Dear unconventional conventionists,
Ieri sera, mentre mi annoiavo a un forum – roba di bancari locali e non glocali, predatori di buffet, pavidi di cuore e impuri di pensieri – ho trovato sollievo in questa elucubrazione che sommessamente Vi sottopongo: se un partito si quotasse in borsa, il valore del titolo fluttuerebbe o no?
Nella peggiore delle ipotesi tutte le quote finirebbero ai soliti, nella migliore ci sarebbero tantissimi micro-azionisti, cioè persone, tutte intente al radicamento del partito sui territori.
Un partito centrista potrebbe non fluttuare e, al tempo stesso, avrebbe la possibilità di finanziare dei partiti satelliti estremisti che lo critichino per valorizzarne il titolo (Socialismo Italico può fare al caso nostro). Chissà da dove ho preso esempio! Inoltre, un partito centrista, presente in ogni nazione perché necessariamente europeista, avrebbe una distribuzione del rischio (elettorale) tale da rendere il titolo stabile.
Più nel dettaglio, l’appartenenza a detto partito consiste nel possesso delle azioni; quindi, la creazione di un partito quotato in borsa è azione fondatrice possibile solo per chi ha il capitale iniziale e la struttura per le pratiche di ingresso in borsa e per la vendita di due cose: le azioni e il potere politico.
Queste due potenzialità riducono i tempi di maturazione del consenso e permettono una diretta influenza finanziaria nell’attività politica, indipendentemente dalle leggi di finanziamento dei partiti. Questo apre a nuove riflessioni.
L’effetto di una tale mossa sui partiti classici sarebbe la disponibilità ad essere letteralmente comprati da chi ha un capitale e ha bisogno di un brand già esistente, ancorché ammalorato.
La quotazione in borsa rende meno volubile la leadership del partito poiché il calo del valore azionario incide nelle tasche dei vertici.
Il partito quotato in borsa riceverebbe un feedback di mercato che equilibra, pondera, mitiga, le speculazioni su quel partito, svincolando il giudizio dal solo momento elettorale.

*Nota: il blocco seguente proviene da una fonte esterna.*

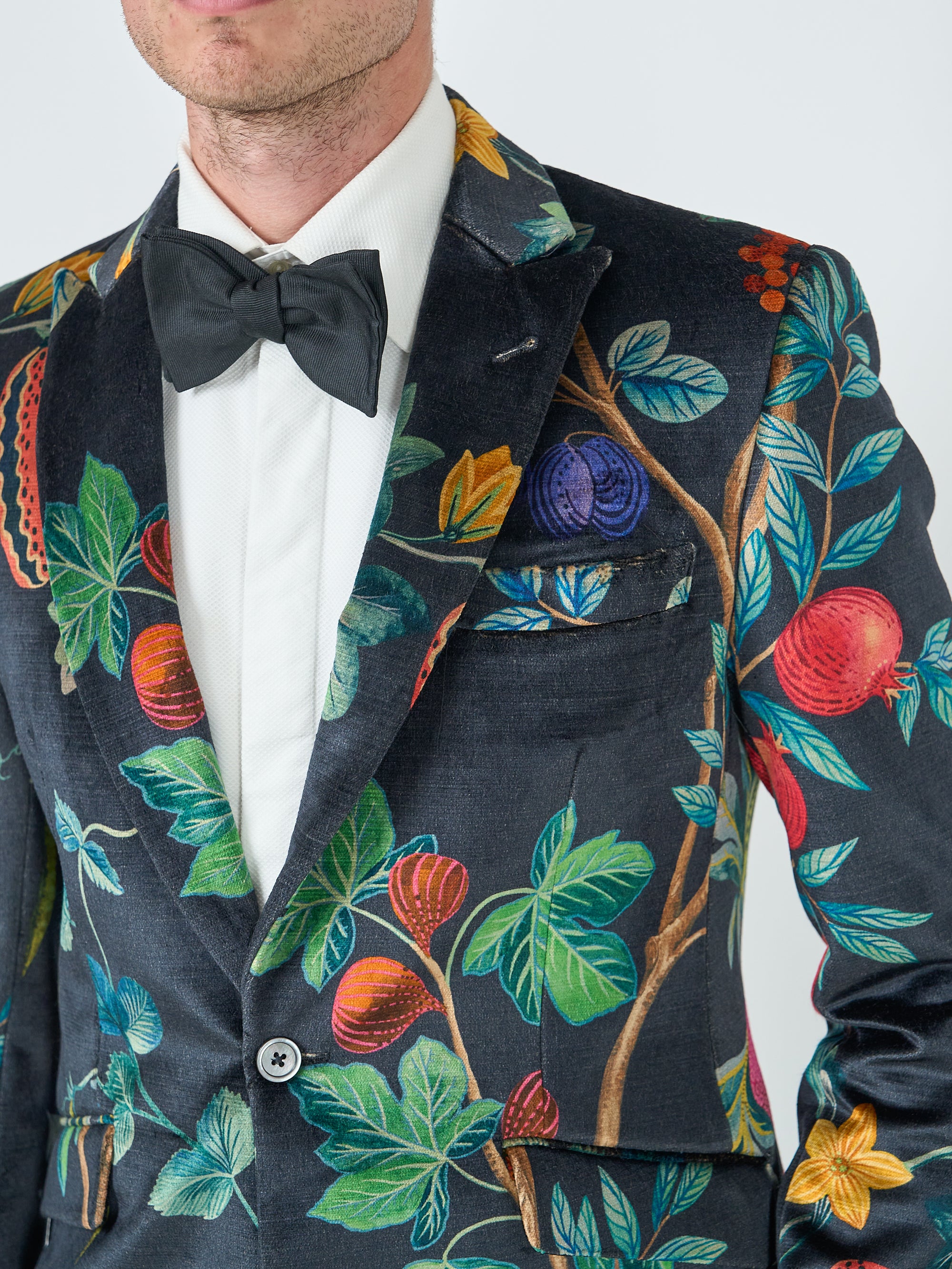 Navy Regency Velvet Newport Jacket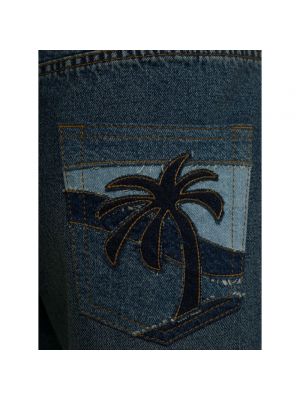 Pantalones cortos vaqueros Palm Angels azul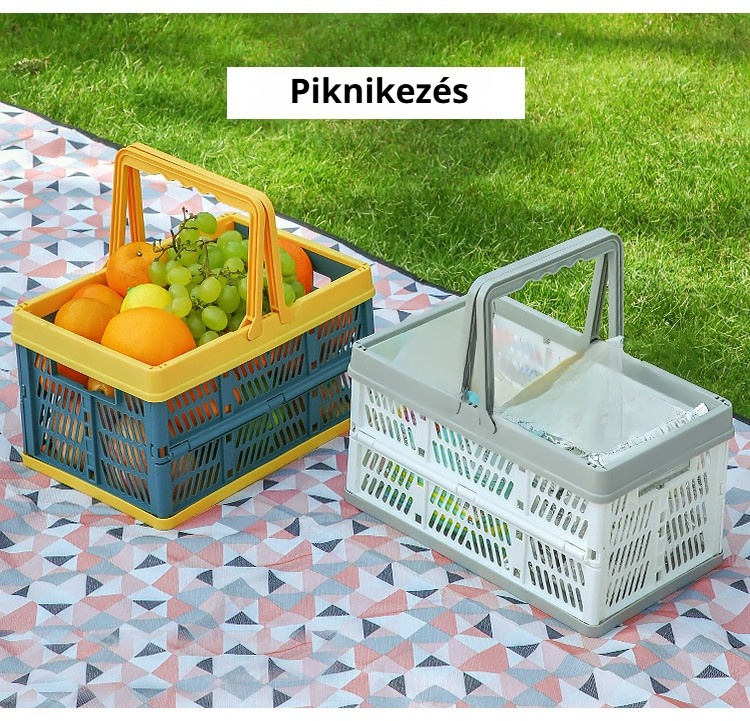 Praktikus összecsukható kosár bevásárláshoz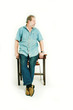 Photo: Senior man on table Senior man on table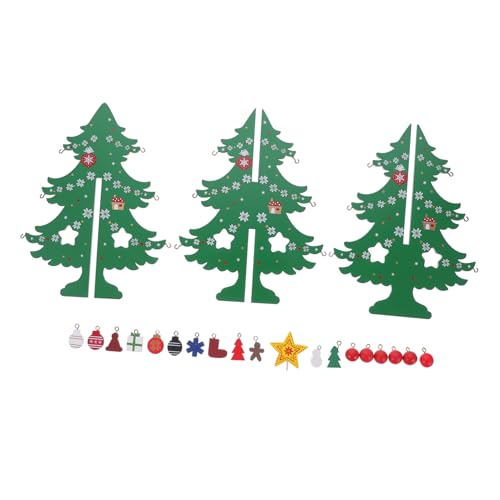 OUNONA Mini Weihnachtsbaum Holzmodell Weihnachtsdeko Baum Ornament für Fenster Tisch Wohnzimmer Kollegen Weihnachtsfest von OUNONA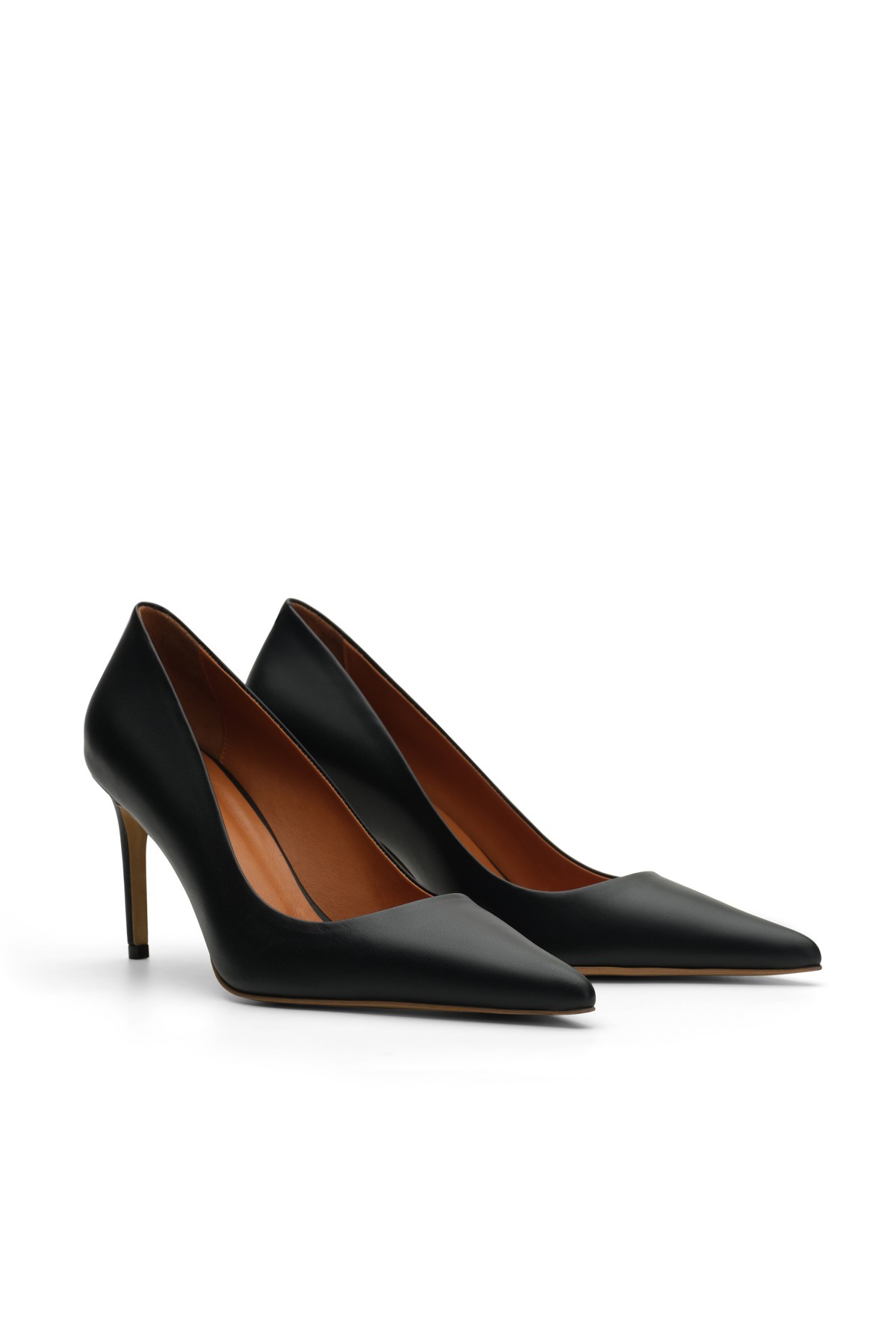 Jabotter Naples Deri 8 Cm Stiletto - Siyah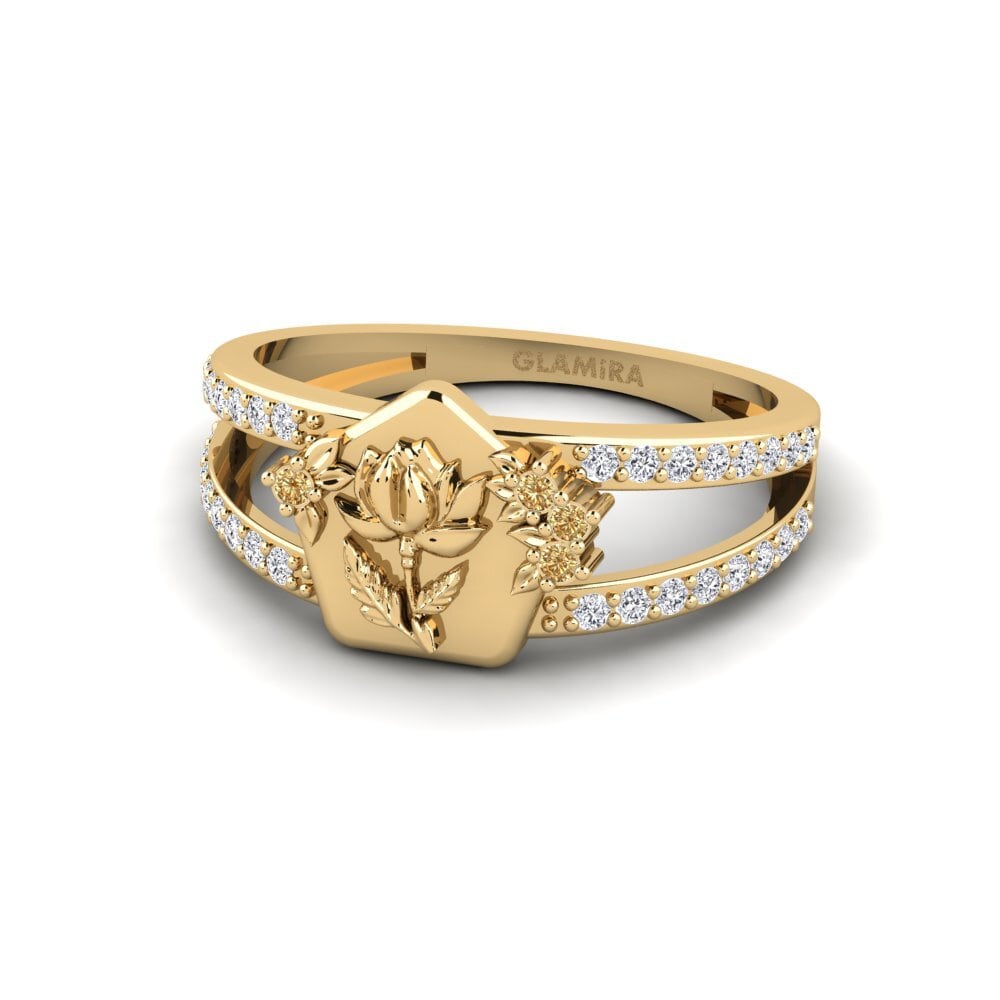 Brown Diamond Ring Escavado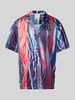 CARLO COLUCCI Freizeithemd mit Allover-Muster Blau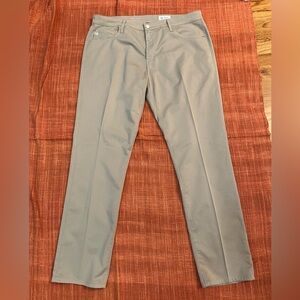 Adriano Goldshmied Pants Mens 38x32 Beige The Everett Golf Slim Straight Golfer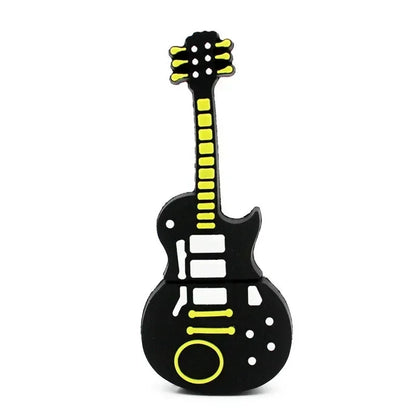 JASTER Music note Pen drive Musical instrument USB 2.0 Flash Drives  64GB 32GB 16GB 8GB Cartoon Memory stick Pendrive U disk 4GB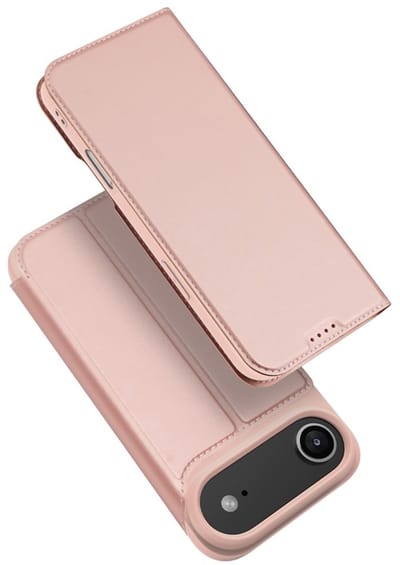 Dux Ducis Geschikt voor iPhone 17 Air hoesje - Slim bookcase - Rose Goud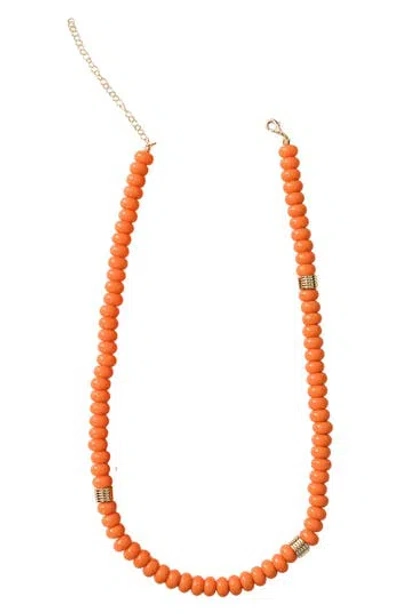 Macrae & Co . Candy Crush Necklace In Orange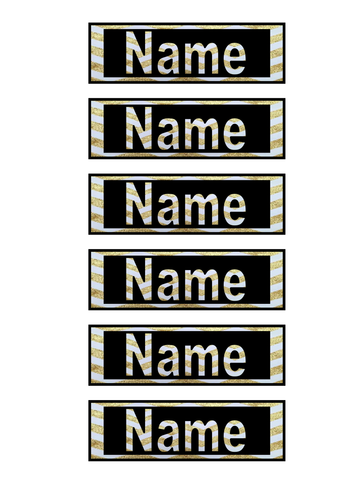 Editable drawer labels- glitter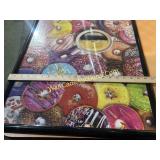 Art -  Framed Donut Puzzle 20x29 inches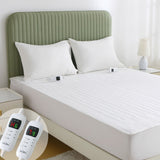 Electric Heated Mattress Pad Blanket with Dual Control & 9-Hour Auto Off & 9 Heat Settings, Preheat Functions, Overheat Protection, Machine Washable Fully Fitted Electric Sheet(Super King)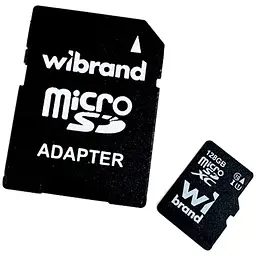 Карта пам'яті Wibrand 128GB microSD class 10 (WICDHU1/128GB-A)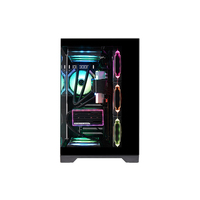 Boîtier d'ordinateur ATX M-ATX ITX en gros, carte graphique 400 mm, 7 emplacements PCIe, prise en charge AIO 360 mm pour châssis de bureau gaming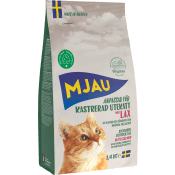Kattmat Torrfoder Utekatt Kastrerad Lax 14kg Mjau.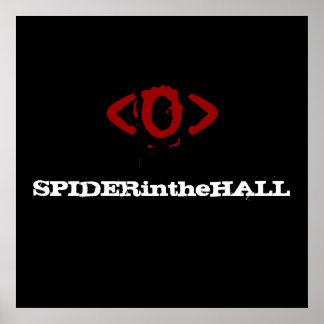 Affiche oeil SPIDERintheHALL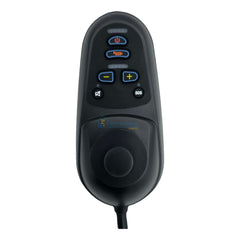 Top view of the Replacement joystick controller for Majestic IQ-8000 and Glide Care G5 Power Folding Electric Wheelchair. Model JRC01 Type X2435 35A.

Si affronterà anche il problema della penuria di manovalanza elettorale sul territorio, poiché basterebbe che il partito desse in dote al candidato un po’ di azioni, poi altre azioni in premio se eletto: ne conseguirebbe la necessità di emettere nuove azioni, sostenibili solo con aumento di capitale, possibile grazie alle azioni di riferimento o grazie ai contributi degli eletti e dei simpatizzanti che si avvicinano al partito, ovvero alle attività di preparazione alla politica.
Infine, ma non ultima, la scalata ad un partito avverrebbe con il solo strumento del denaro, miglior antagonista del populismo.
Spero di suscitare interessanti riflessioni.